- [INPUT DATA]:
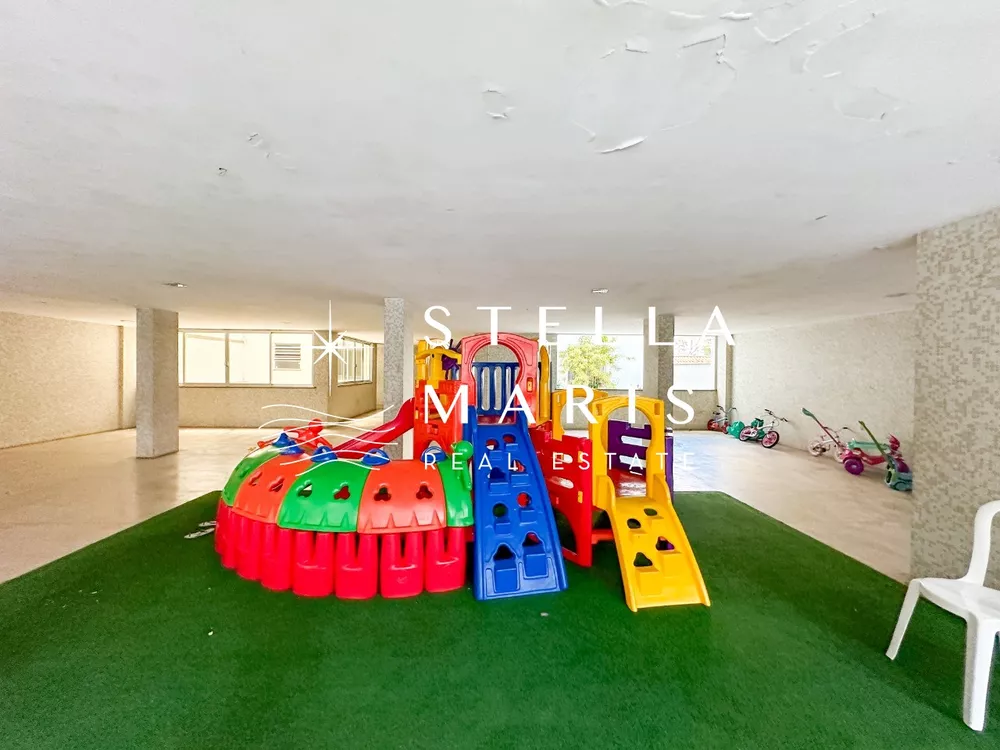 Cobertura, 4 quartos, 221 m² - Foto 63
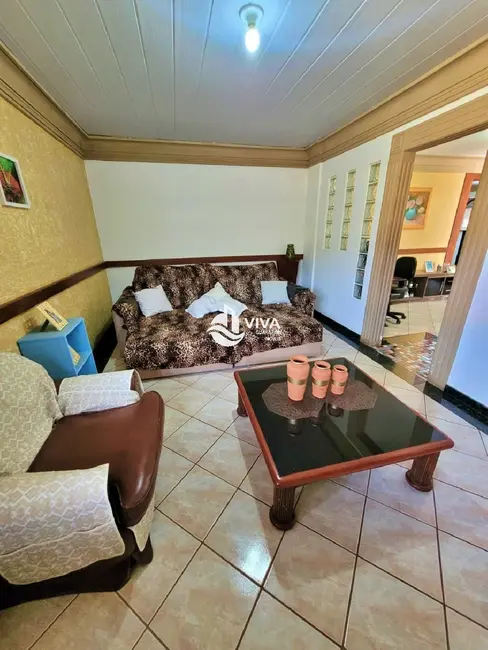 Foto 5 de Casa com 4 quartos à venda, 720m2 em Jardim Boa Vista, Guarapari - ES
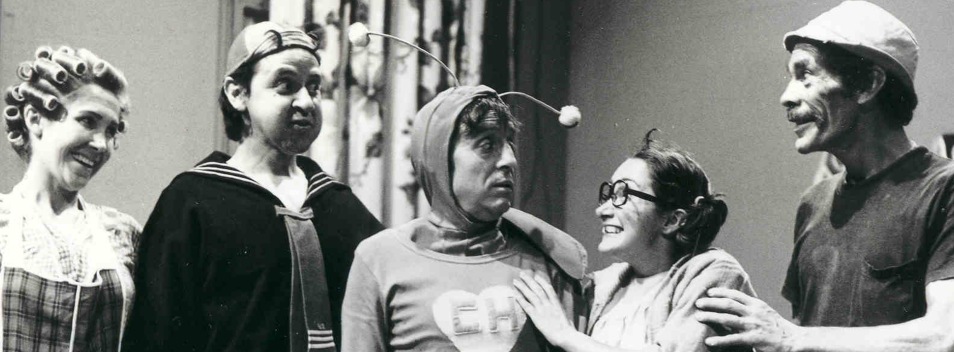 Elenco-Chespirito-Web-FM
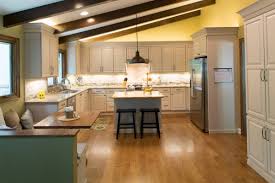 kitchen remodel standard kitchen and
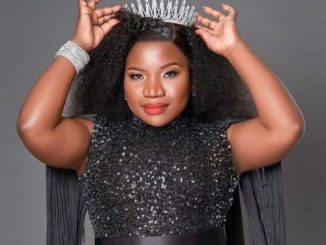 Makhadzi Hekulakwe Mp3 Download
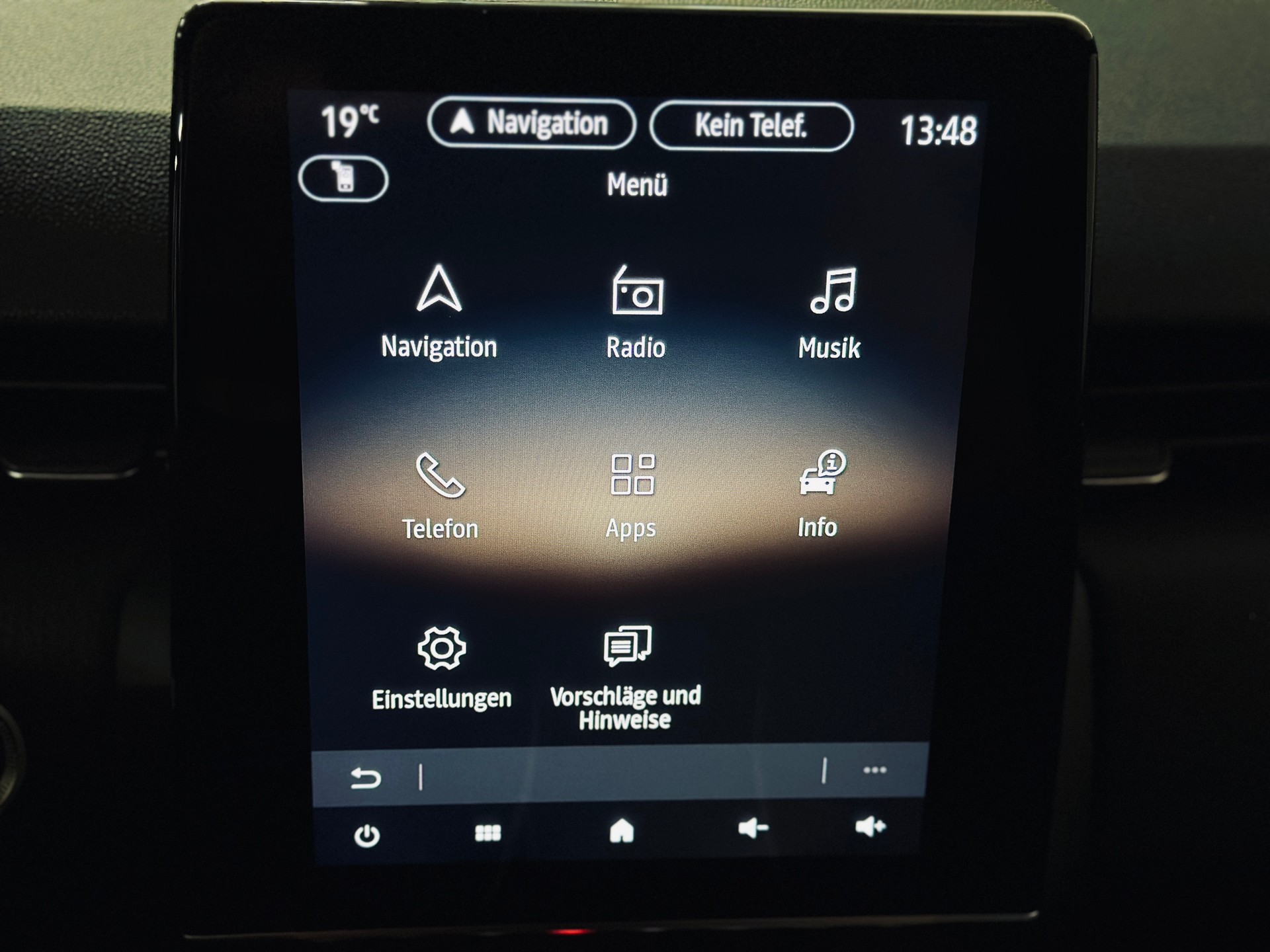 MITSUBISHI COLT 1.6 HEV Instyle Automat-image-15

- [PROBLEM DETAILS]: Reproduce, word for word, the lines from the one containing "Makhadzi Hekulakwe Mp3 Download" to the end of the material, both ends included. No picture is copied.

- [OUTPUT OF THE EXERCISE]:
 Makhadzi Hekulakwe Mp3 Download
 MITSUBISHI COLT 1.6 HEV Instyle Automat-image-15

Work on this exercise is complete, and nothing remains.